Good thing I hadn't pressed this a few years back 






The Fire-fighting plane was rather cool 











The Command Centre was still there :






Complete with _serious_ hatch :











Old signage still extant :






And rather odd bits and pieces :











Any ideas? These were behing this blast door :






We also found the Worlds smallest strawberries 






Tasted okay though 

Looking back :






Really enjoyed finally seeing this place, in spite of trekking miles round the fence to find the access point, unnecessarily as it turned out, if we'd only turned right instead of left to begin with ​


----------



## smileysal (Jun 21, 2008)

Excellent work and excellent pics. You have loads of pics of parts I haven't seen before. Glad to see the control tower is still there, sad to see the former runway in that state.  

Cheers,

 Sal


----------



## MD (Jun 21, 2008)

nice pictures mate 
id love to see this place what with all the history and stuff


----------



## KingElvis (Jun 21, 2008)

Very nice photos of some strange structures


----------



## geordie (Jun 22, 2008)

Myself and my brother (who lives in basingstoke near to this site) did a simlier report on 28dl and we got slated and the report was removed stright into the recircle bin 

Glad to see that it hasnt really changed at all and it was better weather for you 
Great report and some great picture


----------



## Bobble (Jun 23, 2008)

I would love to do this site, really into the cold war stuff big time.....would it be possible to PM me with the access details please??


----------



## geordie (Jun 23, 2008)

PMed you Bobble with details


----------



## *MrB* (Jun 23, 2008)

Nice work zimbob


----------



## dewtech_2008 (Jun 23, 2008)

Those small strawberries are actually redcurrants FYI


----------



## BigLoada (Jun 23, 2008)

dewtech_2008 said:


> Those small strawberries are actually redcurrants FYI



I disagree. Look at the leaves. Redcurrant leaves are palmately divided, with 5 lobes. This plant has 3 serrated edged leaflets per petiole which in my o[pinion is a strawberry


----------



## Bax__ (Jun 23, 2008)

They tasted like strawberries....


----------



## Bryag (Jun 23, 2008)

dewtech_2008 said:


> Those small strawberries are actually redcurrants FYI



Really?? They really did look exactly like strawberries, only tiny. I thought redcurrants had a smooth outer skin, and grew in bushes, whereas strawberries have a dimpled surface and grow on a ground creeping vine (like these)? I don't want to get drawn into an argument here, but All three of us world-wise men believed them to be Strawberries- even the leaves were indicative of a Strawberry plant.



Geordie said:


> mYself and my brother did a simlier report on 28dl and we got slated and the report was removed stright into the recircle bin



28DL had alot of good folk there, but also a number of egomaniacs and sycophants, so I really wouldn't let it bother you. 
The silos were not as impressive as I thought they would be, perhaps it was the weather, but they somehow lacked the Armageddon experience I was expecting. The rest of the site I had never seen pictures of before, so was actually more interesting to explore in a way. The brown aluminium-clad building was the command centre or Armageddon Central to be more precise. The order to launch the nukes would come from there (as they sheltered in their hardened bunker concealed within it's flimsy looking façade!)

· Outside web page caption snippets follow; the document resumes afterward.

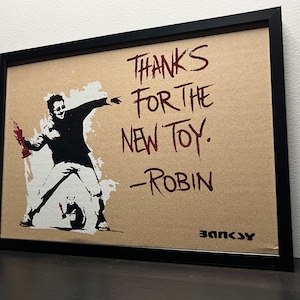 BANKSY (d’après) : Superbe Pochoir sur Carton -Encadré- Seulement 50 exemplaires.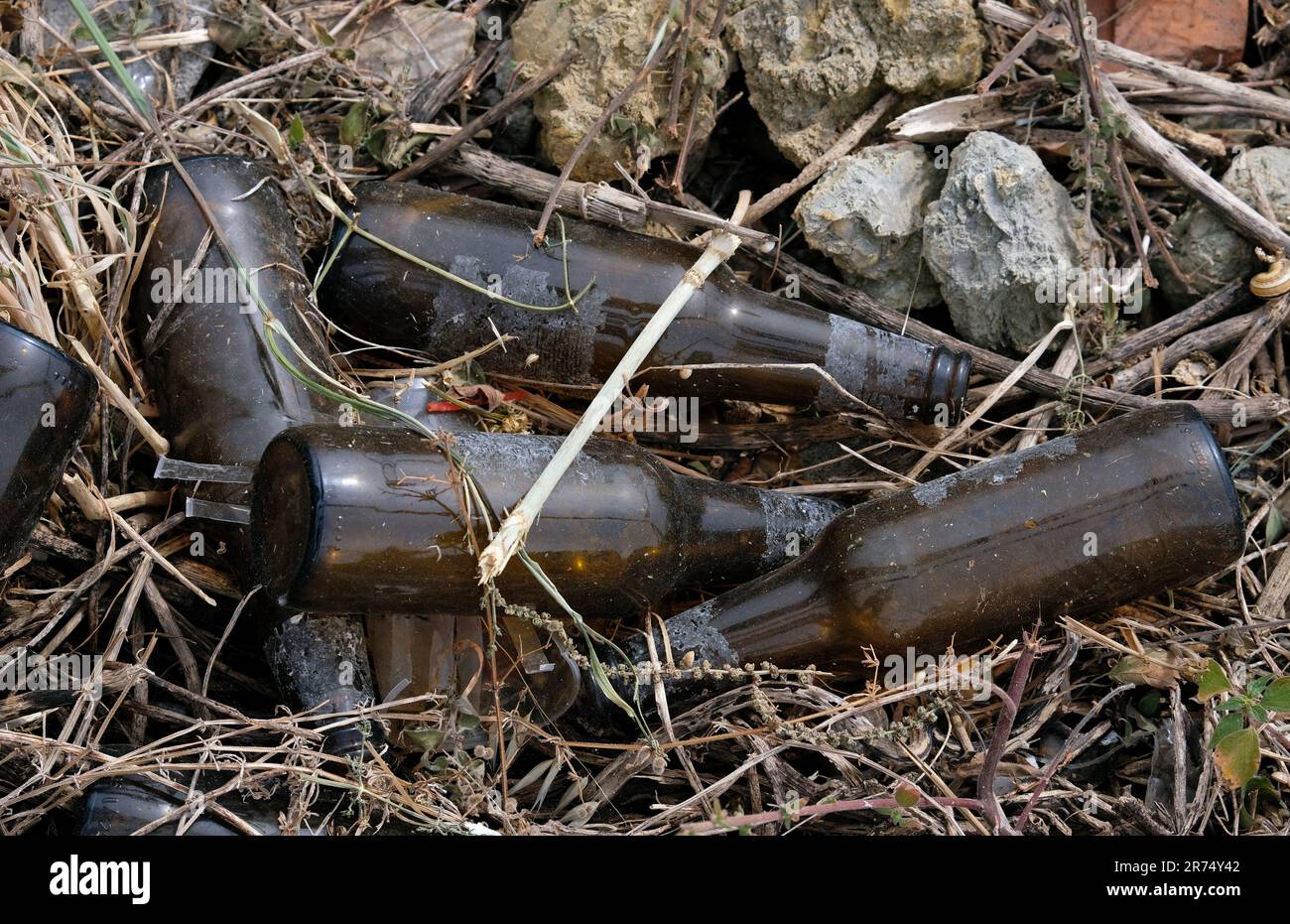 Vider les bouteilles de bière jetées sur le côté d'une route Banque D'Images
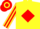 Yellow, red diamond, striped sleeves, hooped cap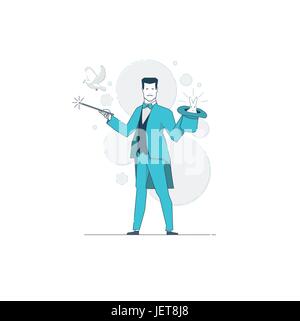 Concept vector illustration. Magician holding magic wand and hat. White rabbit in the hat. A white pigeon flying. Stock Vector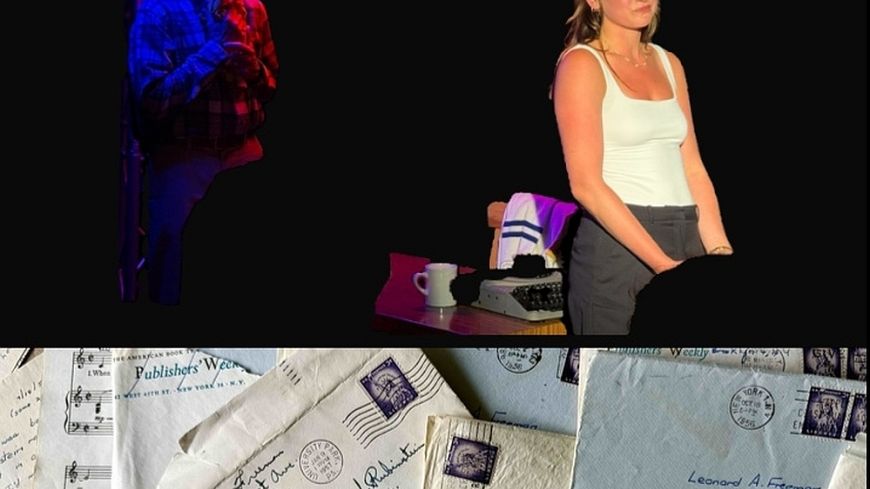 Samantha Streit and Kevin Cahill in Letters to Joan. + letters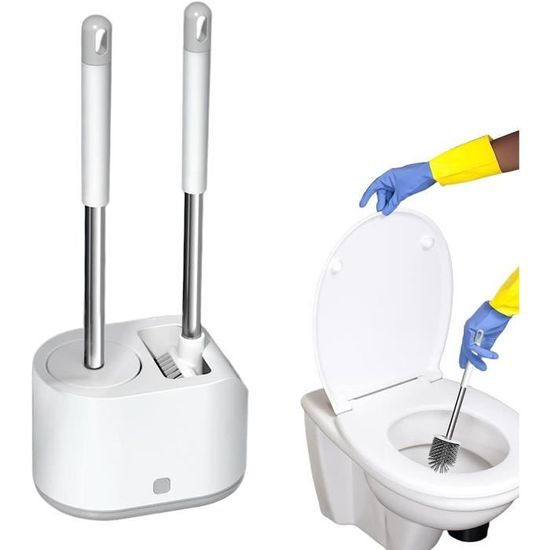 Brosse de toilette avec brosse de toilette en Siliconen hygiénique flexible  à double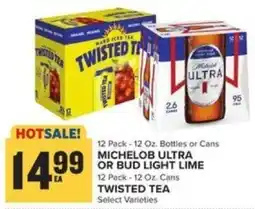 Food Lion 12 Pack - 12 Oz. Bottles or Cans MICHELOB ULTRA OR BUD LIGHT LIME 12 Pack - 12 Oz. Cans TWISTED TEA Select Varieties offer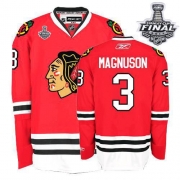 Keith Magnuson Jersey Reebok Chicago Blackhawks 3 Premier Red Home Man With 2013 Stanley Cup Finals NHL Jersey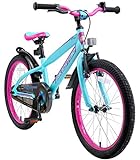 BIKESTAR Kinderfahrrad 20 Zoll für Mädchen und Jungen ab 6 Jahre | 20er Kinderrad Mountainbike | Fahrrad für Kinder Berry & Türkis | Risikofrei Testen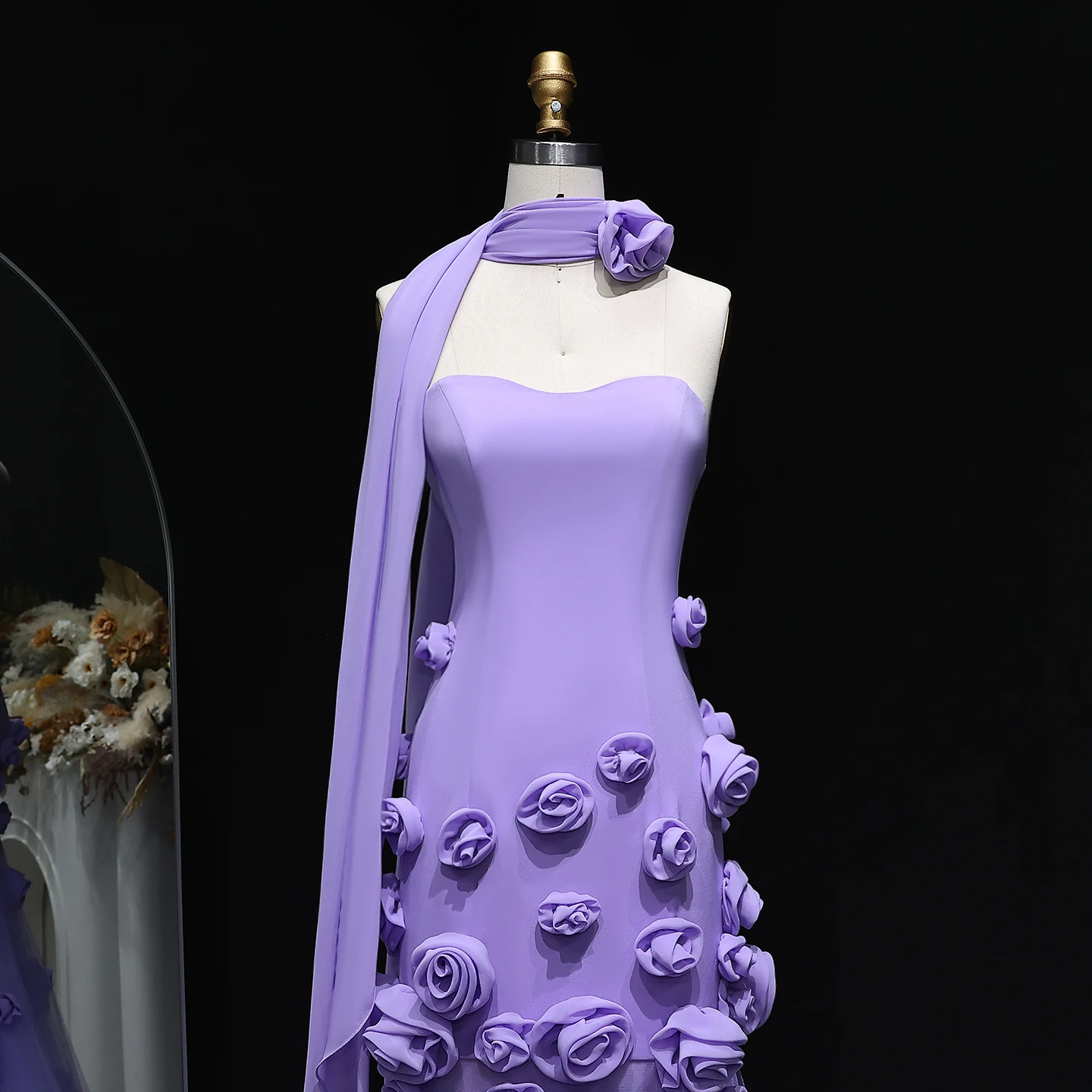 Sharon Said Dubai Elegant Pink Flowers Evening Dresses 2025 Wedding Formal Long Side Slit Girls' Party Dress SS207 Customized image 3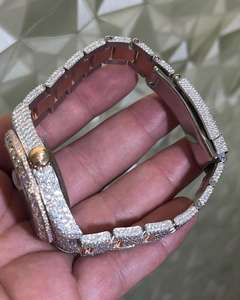 Montre en diamant Moissanite à mouvement entièrement automatique de haute qualité avec cadran romain Bracelet en acier inoxydable lourd Style hip-hop de luxe - Product Image 3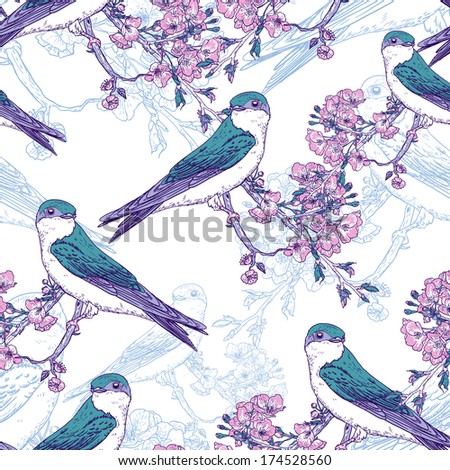 Seamless spring cherry pattern with birds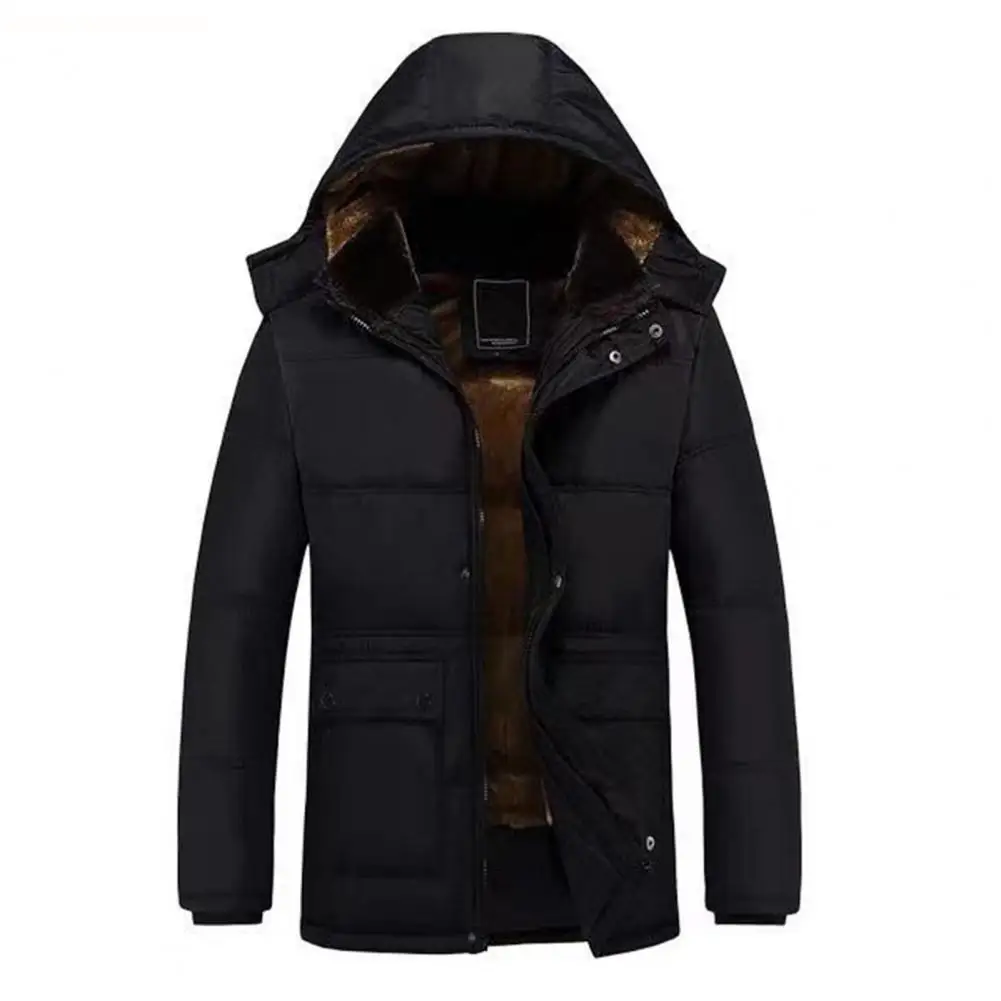 

Cotton Padded Jacket Men's Hooded Down Jacket with Plush Lining Windproof Design Long Sleeve Zipper Closure Coat with Pockets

Here are a few of mine from the day










This is a particular favourite if mine. Picnic table atop the building that would have ended the world. I just found it rather ironic (in an Alanis Morrisette way)





I suspect the holes were hermetic filters for the bunker within





It is now home to..















Water goes in, Waste comes out





Nearly forgot the obligatory control tower shot





And a similar "walking away" (in a Craig David sort of way, eh Kes?) to Zimbobs shot





I do have other shots of fence climbing malarkey, but in the interests of not giving away infiltration methods, I have decided (however funny) to omit these​
While posting, I see the great strawberry debate has grown some legs. Whilst I do not claim to be an expert, I know what a strawberry looks like, and I know what a redcurrant looks like. Now, unless the radiation from the nukes kept here has had some adverse effects (perhaps that would explain the size, although I thought radiation made stuff bigger and better - according to Marvel anyway) It looked like a tiny strawberry and it tasted like a tiny strawberry. Let's face it, it was a tiny strawberry. Debate over ;-)


----------



## zimbob (Jun 23, 2008)

Bryag said:


> I do have other shots of fence climbing malarkey, but in the interests of not giving away infiltration methods, I have decided (however funny) to omit these[/CENTER]



You've gotta send me those 

Nice pics from a great trip


----------



## zimbob (Jun 23, 2008)

Bax__ said:


> They tasted like strawberries....



They definitely were, exactly like the ones growing/getting eaten by the birds in my garden, just ickler


----------



## Bryag (Jun 23, 2008)

zimbob said:


> You've gotta send me those
> 
> Nice pics from a great trip



I'll pm you the link.


----------



## Bax__ (Jun 24, 2008)

No point posting my photo's, The security guard at the command centre was pretty cool even though we were sooping about the place.....

Zimbob,

pretty much the first thing I did when I got back was to get hold of the photo's of us mid climb just to see how stupid 2 grown men look trying to scale a 10ft fence...


----------



## Bryag (Jun 24, 2008)

Bax__ said:


> No point posting my photo's, The security guard at the command centre was pretty cool even though we were sooping about the place.....
> 
> Zimbob,
> 
> pretty much the first thing I did when I got back was to get hold of the photo's of us mid climb just to see how stupid 2 grown men look trying to scale a 10ft fence...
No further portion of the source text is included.